Under persistent questioning on the issue from the Commons finance committee Tuesday, Poloz said he would not characterize the policy as simply printing money, as the minister had.
"What the literature is showing us is that the U.S. program has influenced the economy and made it a little stronger... so that's a good thing," he said. "Later on, of course, it has to get wound down."
The Fed's aggressive $85 billion a month bond-buying program, dubbed quantitative easing, has helped push down interest rates to spur lending and jump start economic growth. In turn, that has boosted stock markets and weakened the U.S. dollar.
The apparent disagreement is likely academic under current conditions — given that no one is expecting a second financial meltdown in the near future — but Poloz admitted if such a crisis were to occur, the decision on quantitative easing would be a "team" effort between the bank and the finance minister.

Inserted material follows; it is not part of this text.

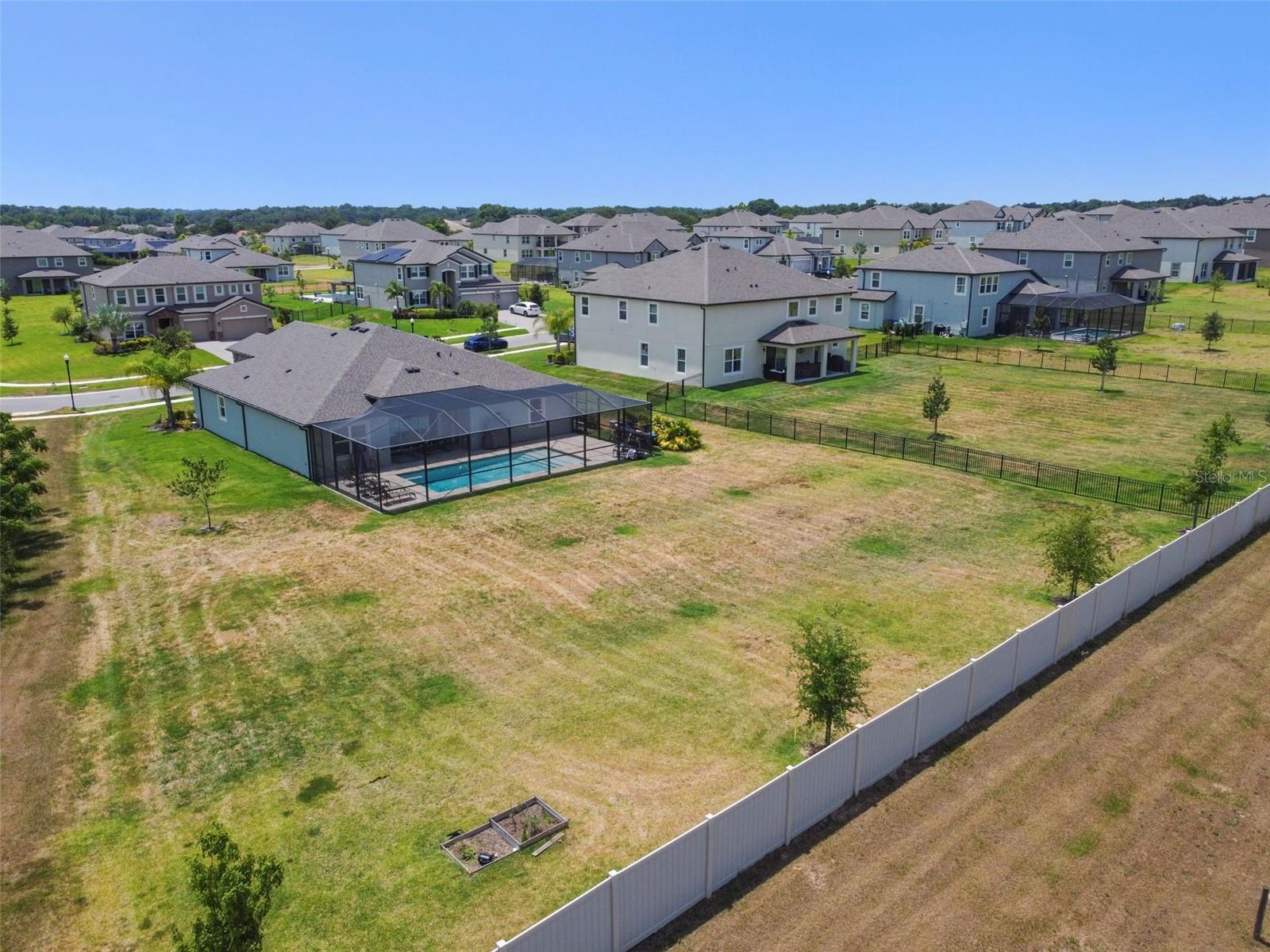 9827 CABERNET AVE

Poloz's testimony was the clearest he's been on the issue to date and suggests he would be prepared to adopt the policy if conditions warranted.

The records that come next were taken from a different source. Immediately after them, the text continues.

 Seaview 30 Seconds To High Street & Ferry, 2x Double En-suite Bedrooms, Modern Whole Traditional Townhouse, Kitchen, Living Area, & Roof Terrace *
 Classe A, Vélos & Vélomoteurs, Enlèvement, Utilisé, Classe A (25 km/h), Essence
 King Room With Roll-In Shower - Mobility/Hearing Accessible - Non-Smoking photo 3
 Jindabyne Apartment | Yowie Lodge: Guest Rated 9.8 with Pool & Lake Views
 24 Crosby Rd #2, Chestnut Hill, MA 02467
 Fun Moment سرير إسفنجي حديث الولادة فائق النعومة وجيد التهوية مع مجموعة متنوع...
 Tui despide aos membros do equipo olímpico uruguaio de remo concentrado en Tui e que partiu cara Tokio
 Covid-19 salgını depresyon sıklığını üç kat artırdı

But NDP MP Guy Caron, who led the questioning of the governor, said he was left confused as to whether Poloz would be able to act on his own against the finance minister's wishes.

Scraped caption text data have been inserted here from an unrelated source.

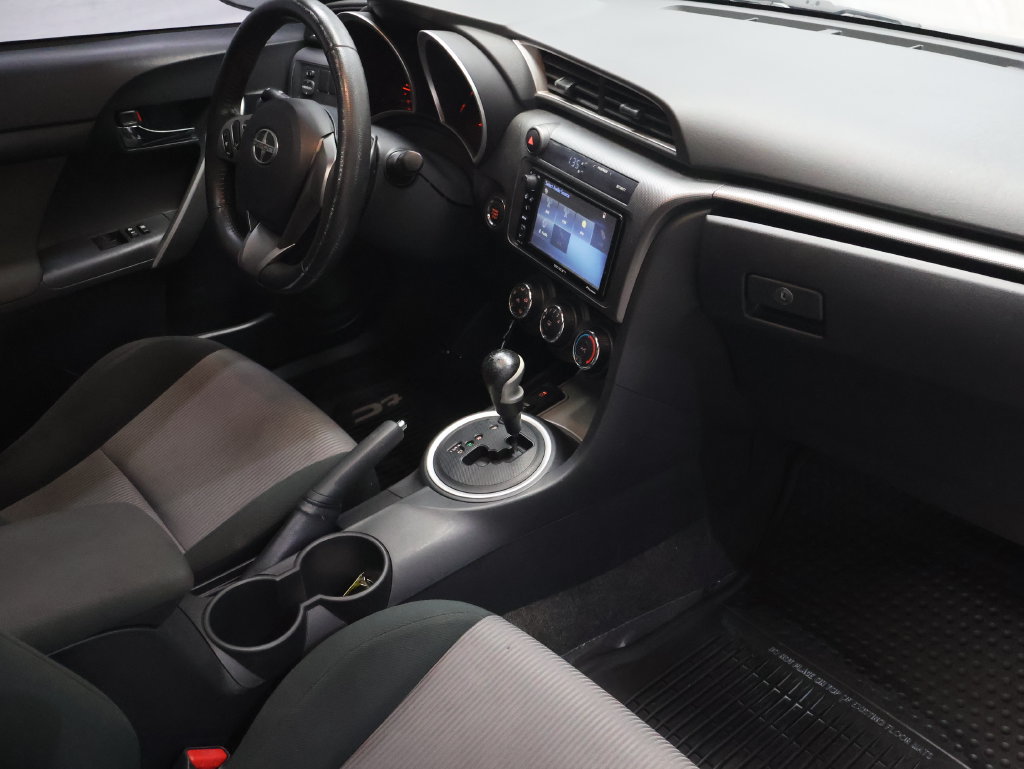 Used 2016 Scion tC FWD image 10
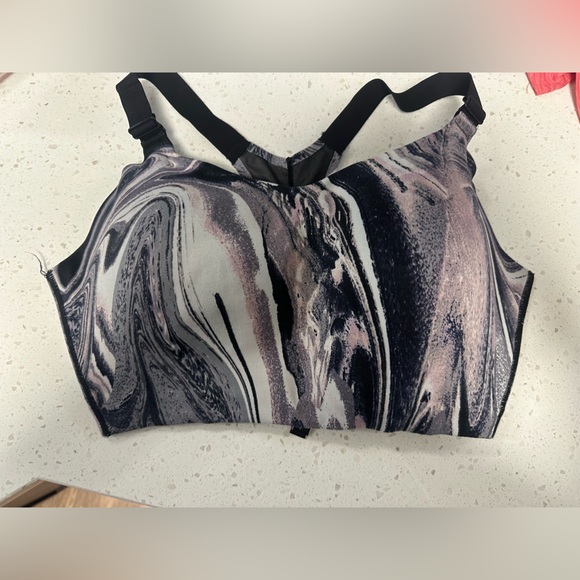 Victoria Sport Sports Bra Bundle 34DDD - Picture 3 of 7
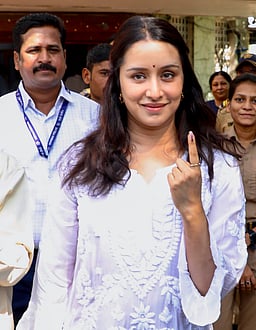 மகாராஷ்டிர உள்ளாட்சித் தோ்தல் வாக்குப்பதிவு முடிந்தது - சுமார் 50% வாக்குகள் பதிவு!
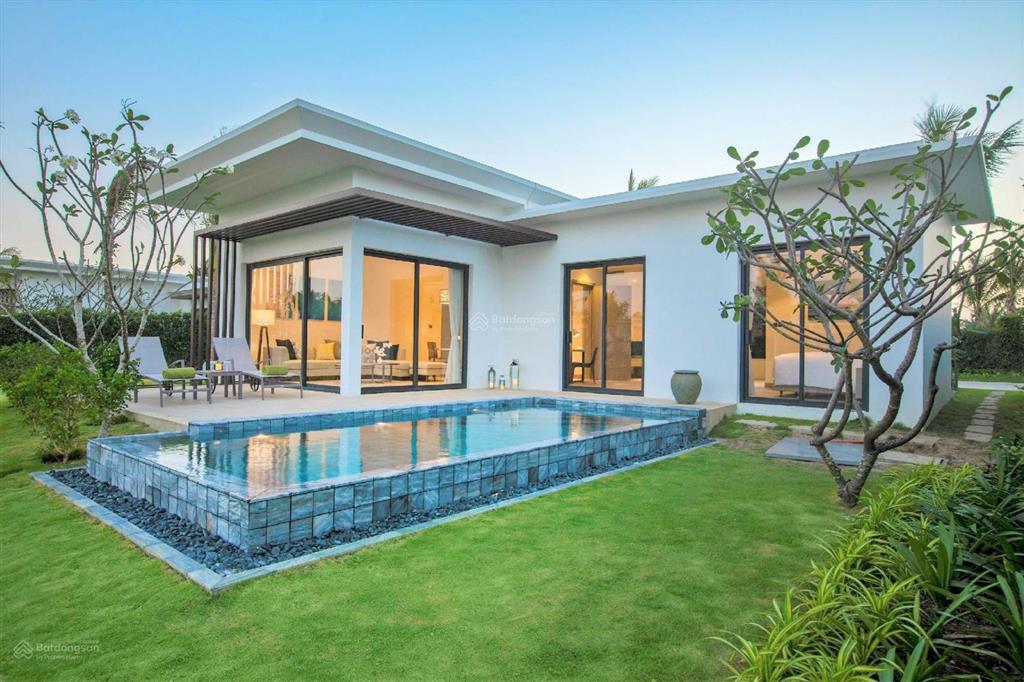 Cần bán gấp giảm 5 tỷ căn góc villa view hồ 2pn hơn 540m2 melia hamptons hồ tràm full nội thất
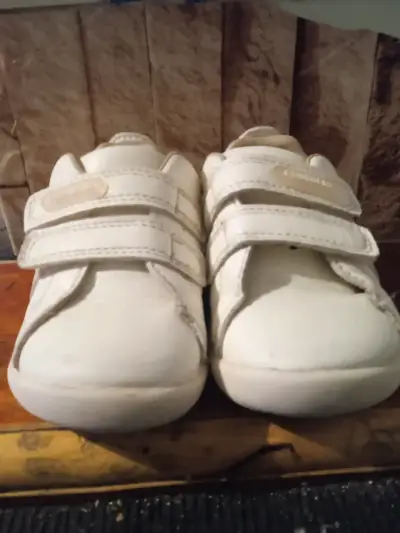 Zapatillas blancas de velcro - miniatura 1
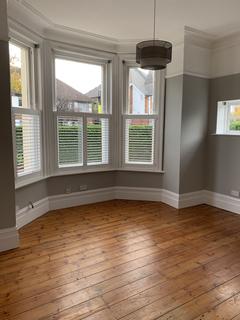 2b Glamorgan Road, Kingston Upon Thames, KT1 4HP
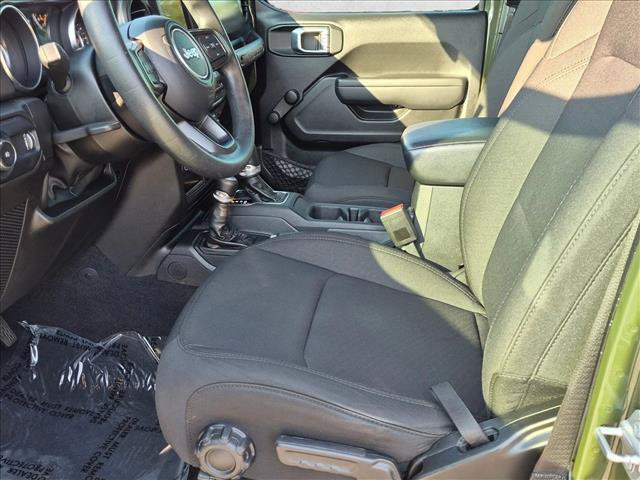 Used 2023 Jeep Wrangler Unlimited Sport AWD/4WD image 14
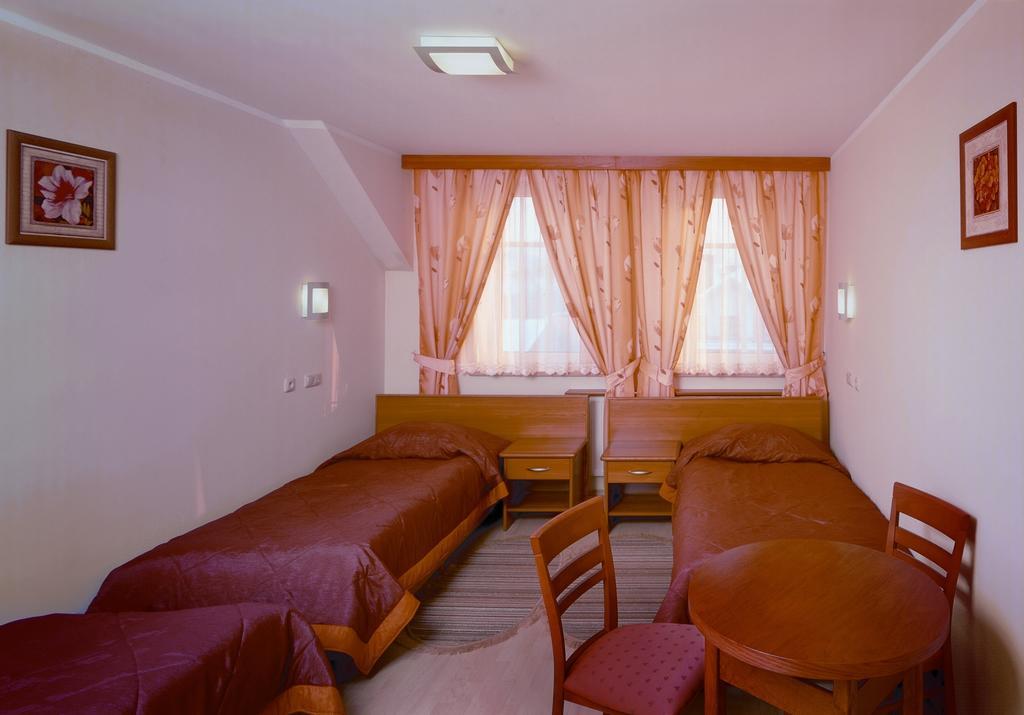 Hotel Sutoris Bochnia Δωμάτιο φωτογραφία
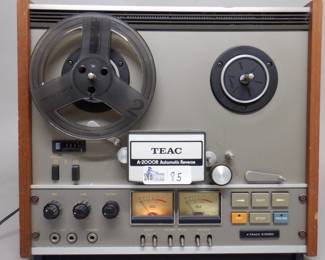 TEAC A2000R REEL TO REEL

"The independence of the Bank of Canada is an important principle and I'm not sure we have an answer to that at this time," said Caron.
The governor was called to brief MPs on last week's gloomier forecast by the Bank of Canada, which projected growth slower than previously anticipated in the current and upcoming two years. The bank's new estimates are that the economy will expand by 1.6 per cent in 2013, 2.3 per cent in 2014, and 2.6 per cent in 2015.
The bank's other major change last week was in dropping it's so-called forward guidance after 18 months of warnings about coming interest rate increases, a move that had the effect of sending the Canadian dollar tumbling by almost two cents over the next few days.
Poloz called the decision to drop the "tightening bias" logical in the face of persistent below-target inflation numbers, and greater than thought slack in the economy. The move led analysts to pencil in no rate hikes until sometime in 2015.
While some analysts said the decision was overdue, the side benefit of a lower dollar may have been precisely what the bank governor ordered.
Poloz has staked his projection of a return to robust growth on the expectation that once the U.S. and global economies pick up, they will demand more goods from Canada and help business confidence and investments.
The transition to export-based growth has been slower than the central bank had thought, however, particularly in non-resource exports such as manufactured goods.
Senior deputy governor Tiff Macklem told the MPs that part of the reason for such a poor performance is competitive pressures, of which two-thirds can be traced to the strong loonie pricing Canadian products out of foreign markets. Another reason, he said, is that there are just fewer Canadian exporting firms standing after the 2008-09 recession.
The good news, said Poloz, is that the situation is starting to reverse itself, which should be good for both exporters and employment.